An e-mail that could be embarrassing? An old diary entry that makes you blush? A loan you're not proud of? A late tax payment? An arrest?
These all are on Obama's 63-item background questionnaire — and the word to those in the running for top jobs is that they better cough up the answers now because the information will surely come out later.
"It's about transparency," Duberstein says. "You have to ask these questions, because in any White House, there should be no surprises."
Problems aren't always rooted out before a candidate is publicly named.
Zoë Baird, Bill Clinton's initial pick for attorney general, withdrew when word got out that she'd hired and failed to pay taxes for an illegal immigrant who'd worked as her nanny.
More than a decade later, former New York City police commissioner Bernard Kerik withdrew his name as President Bush's choice for Homeland Security secretary amid questions about the immigration status of a housekeeper-nanny he had employed. Kerik later became the subject of an unrelated federal criminal investigation, and in 2007, he was indicted on charges that included tax fraud and obstruction of justice.
Lanny Davis, a former special counsel to Clinton who also vetted candidates for Clinton's transition in 1992, says Baird's nanny problem was "fully disclosed" during her interviews and the president's lawyers determined that she had made a mistake — but not a disqualifying one.
For the vetters, Davis says, "there's no science to it, it's all art."
Experts say mistakes are inevitable. "It's as predictable as the sun rising," Light says. "Obama will have a bad appointment.

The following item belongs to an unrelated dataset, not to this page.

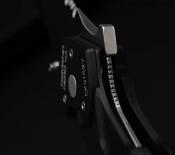 0166SATBLK - Couteau EXTREMA RATIO Caimano Nero N.A. Satin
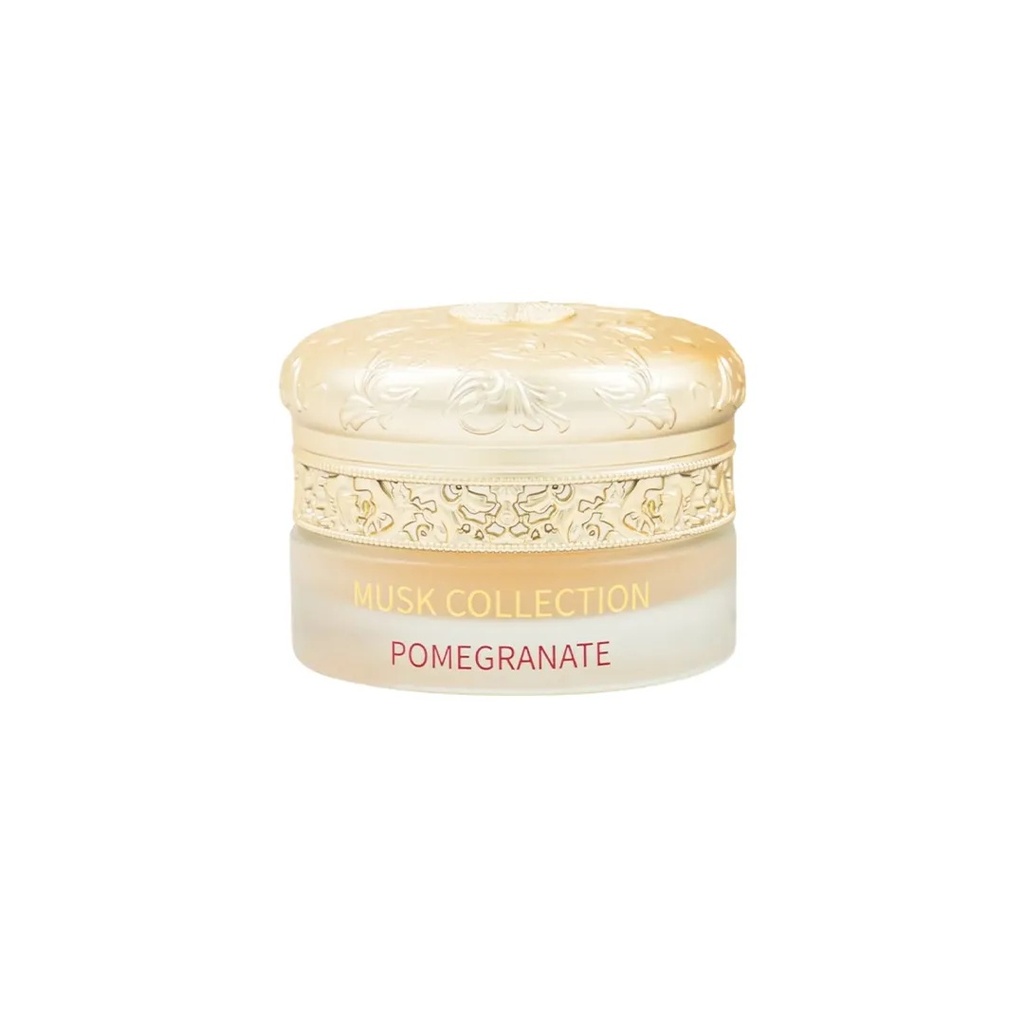 Musk Collection Mukhmariya Hair And Body Pomegranate 25G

It will be a high-level appointment, somebody with pristine connections and a gold-plated résumé, but something will go wrong."
To try to guard against it, Light says about half of all candidates hire someone to help them pull together the documents they'll need to answer all the questions.
In Obama's questionnaire, there are sections on "domestic help," "relationships and affiliations," "financial information," "tax information" and more.
Even Bill and Hillary Clinton — perhaps the nation's most vetted couple — would be asked to divulge information about their finances if she were to win a seat in Obama's Cabinet.
Those who make it through round one and are nominated to one of the more than 600 posts that require Senate confirmation face what Light calls the "quadruple whammy." That includes three more rounds of vetting by the Senate, the FBI and the Office of Government Ethics.
"When you sign up for public service, you have to sign up for a level of transparency that is intense," says Max Stier of the Partnership for Public Service, a non-partisan group that promotes effective government. "It's the proverbial fishbowl."
Duberstein agrees the process is intense. He remembers being able to relax a little bit on the day of his interview in 1988, when the candidate told him at the start: "You're in for a very boring Sunday afternoon."
With that, Duberstein says, "I knew he'd get the job."